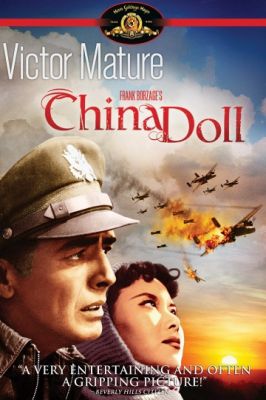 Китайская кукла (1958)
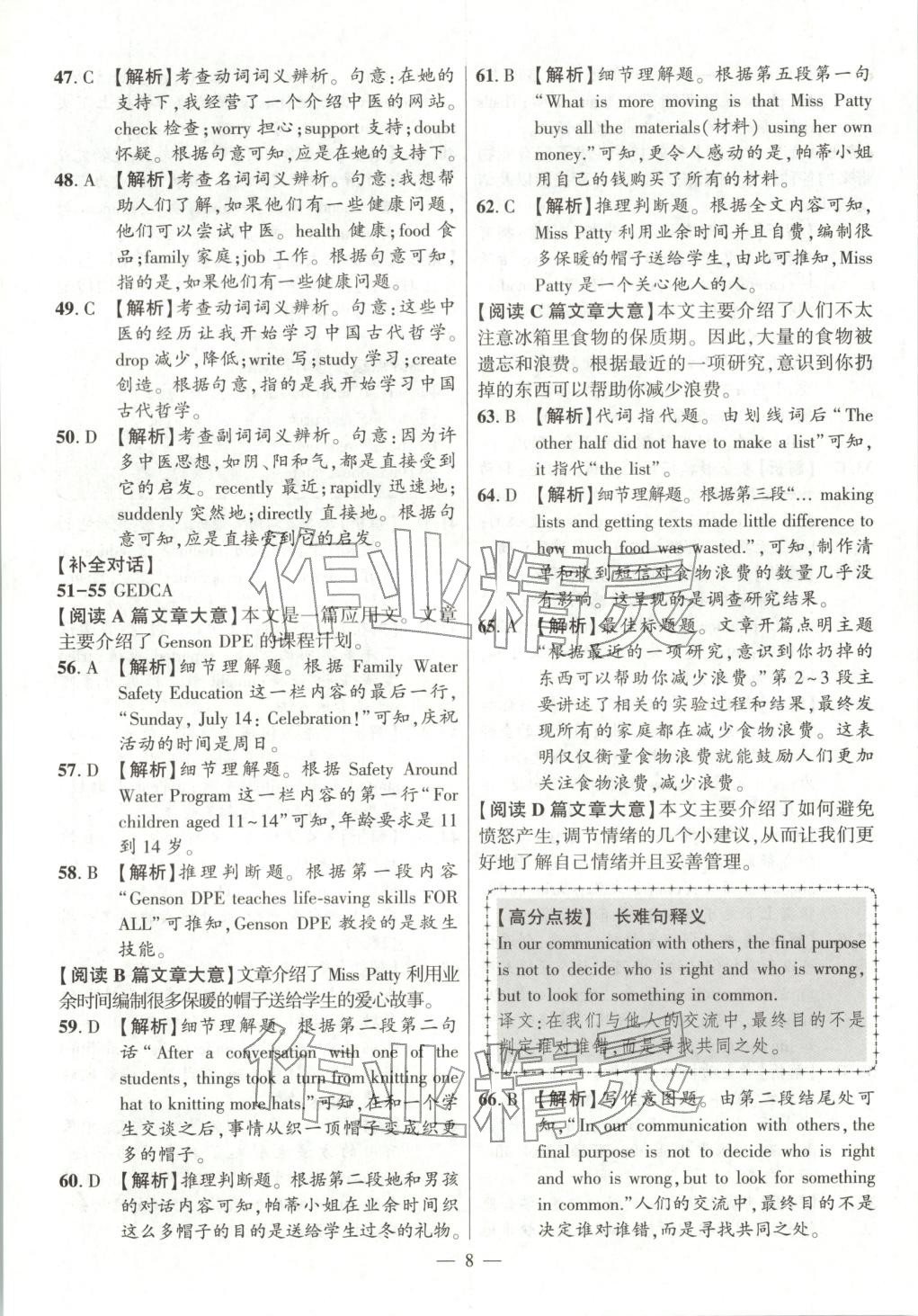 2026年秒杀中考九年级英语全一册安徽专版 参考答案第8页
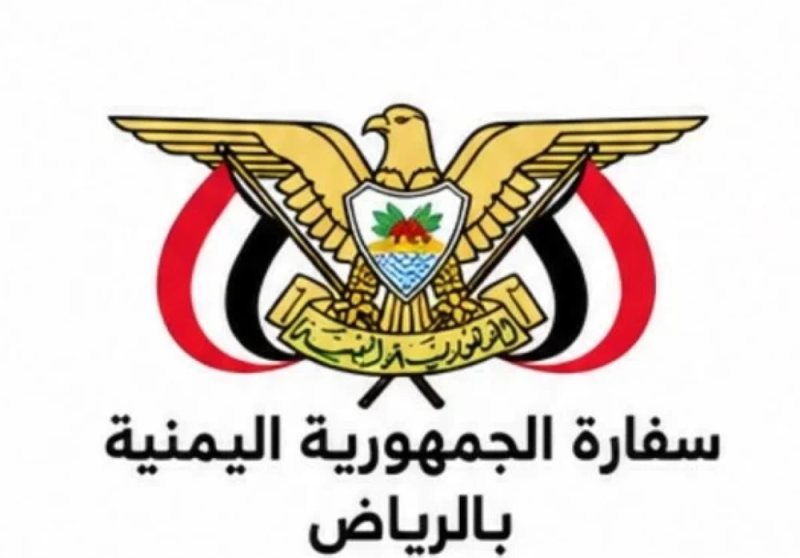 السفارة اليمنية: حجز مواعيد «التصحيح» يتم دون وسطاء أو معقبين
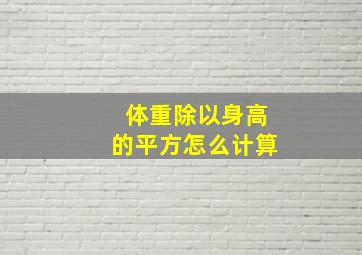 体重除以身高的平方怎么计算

....

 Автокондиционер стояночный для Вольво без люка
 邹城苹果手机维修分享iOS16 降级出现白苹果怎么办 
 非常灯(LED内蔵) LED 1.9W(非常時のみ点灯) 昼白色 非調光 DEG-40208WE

....

▶ YOUR OBJECTIVE: Given the listing above, retype only the span of lines from the line with "السفارة اليمنية: حجز" up to and including the line with "体重除以身高的平方怎么计算", exactly as it stands and without pictures.

▶ EXERCISE OUTPUT:
 السفارة اليمنية: حجز مواعيد «التصحيح» يتم دون وسطاء أو معقبين
 体重除以身高的平方怎么计算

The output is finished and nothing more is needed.